▶ **DIRECTIONS**: Everything in the data gets repeated exactly, except for the pictures.

▶ **RECORDED DATA**:
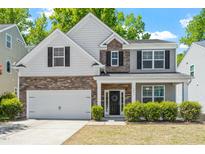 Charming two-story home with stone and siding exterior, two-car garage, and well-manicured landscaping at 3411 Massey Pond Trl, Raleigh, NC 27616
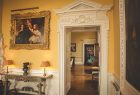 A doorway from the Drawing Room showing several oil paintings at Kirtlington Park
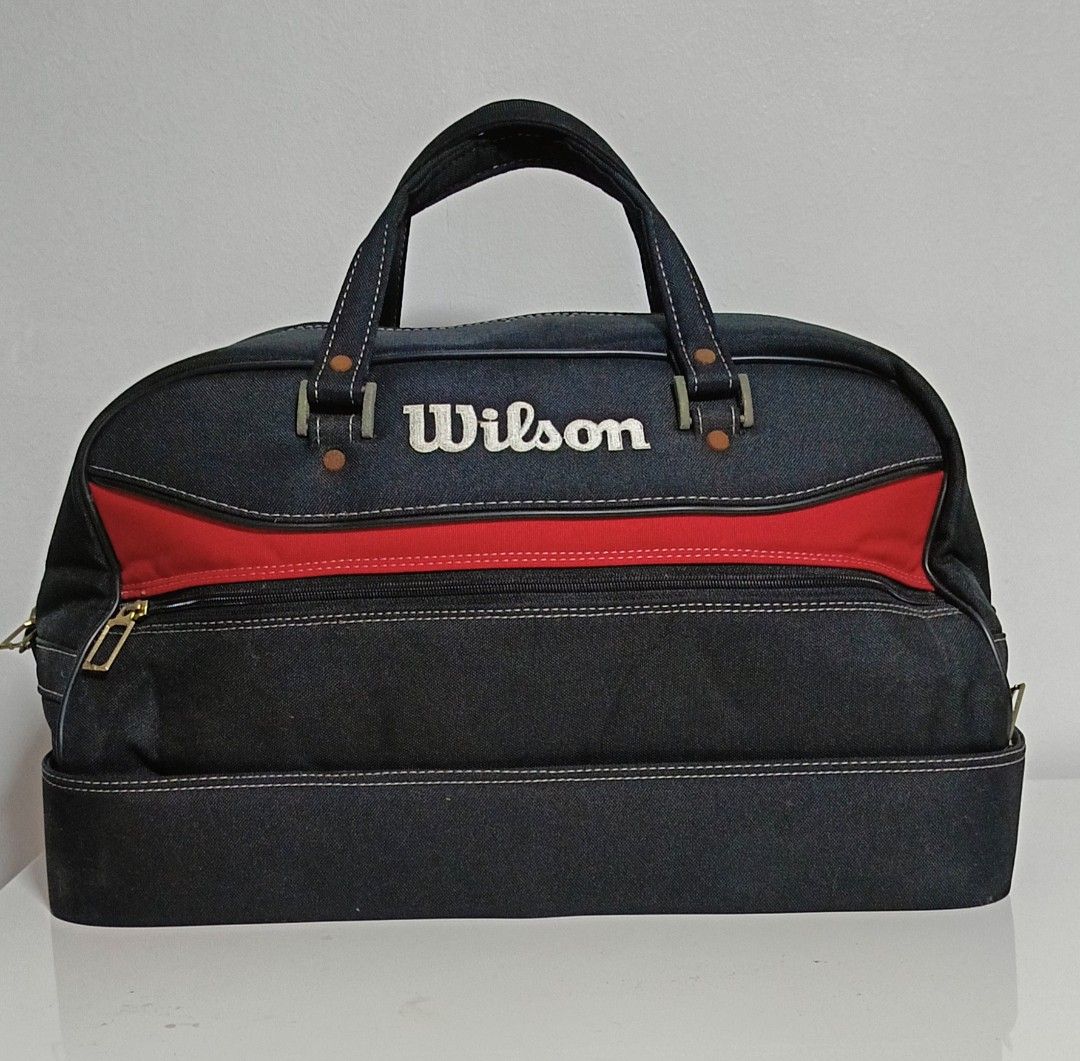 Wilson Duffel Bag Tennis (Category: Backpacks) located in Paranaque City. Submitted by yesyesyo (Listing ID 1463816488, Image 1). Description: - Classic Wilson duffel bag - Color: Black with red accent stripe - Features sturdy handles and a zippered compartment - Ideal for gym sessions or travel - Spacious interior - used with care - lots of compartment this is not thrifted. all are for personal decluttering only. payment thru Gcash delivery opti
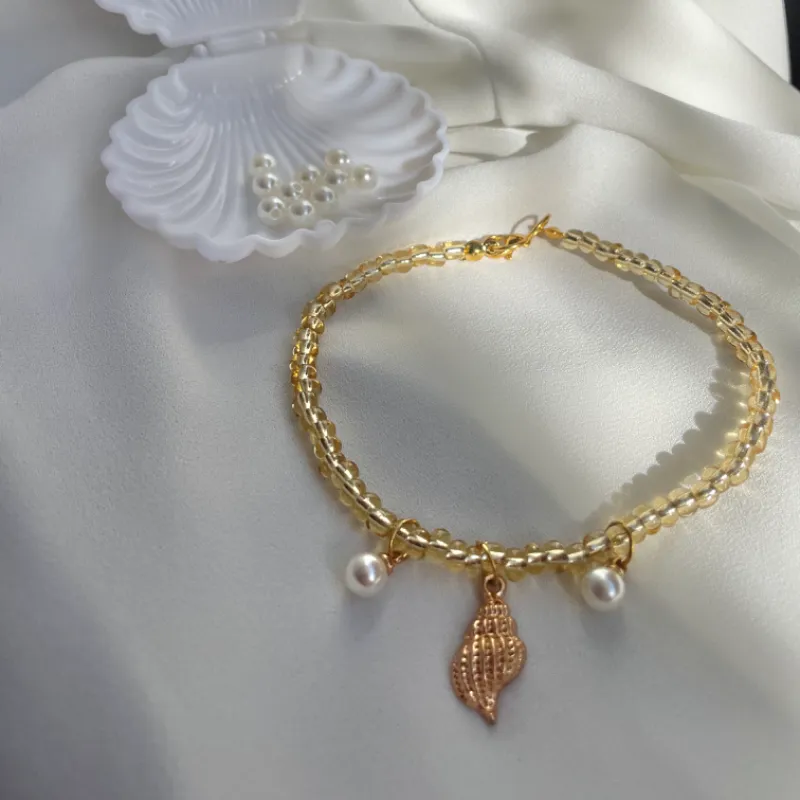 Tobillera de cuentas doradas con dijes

▶ **YOUR SOLUTION**:
 Charming two-story home with stone and siding exterior, two-car garage, and well-manicured landscaping at 3411 Massey Pond Trl, Raleigh, NC 27616
 A doorway from the Drawing Room showing several oil paintings at Kirtlington Park
 Wilson Duffel Bag Tennis (Category: Backpacks) located in Paranaque City. Submitted by yesyesyo (Listing ID 1463816488, Image 1). Description: - Classic Wilson duffel bag - Color: Black with red accent stripe - Features sturdy handles and a zippered compartment - Ideal for gym sessions or travel - Spacious interior - used with care - lots of compartment this is not thrifted. all are for personal decluttering only. payment thru Gcash delivery opti
 Tobillera de cuentas doradas con dijes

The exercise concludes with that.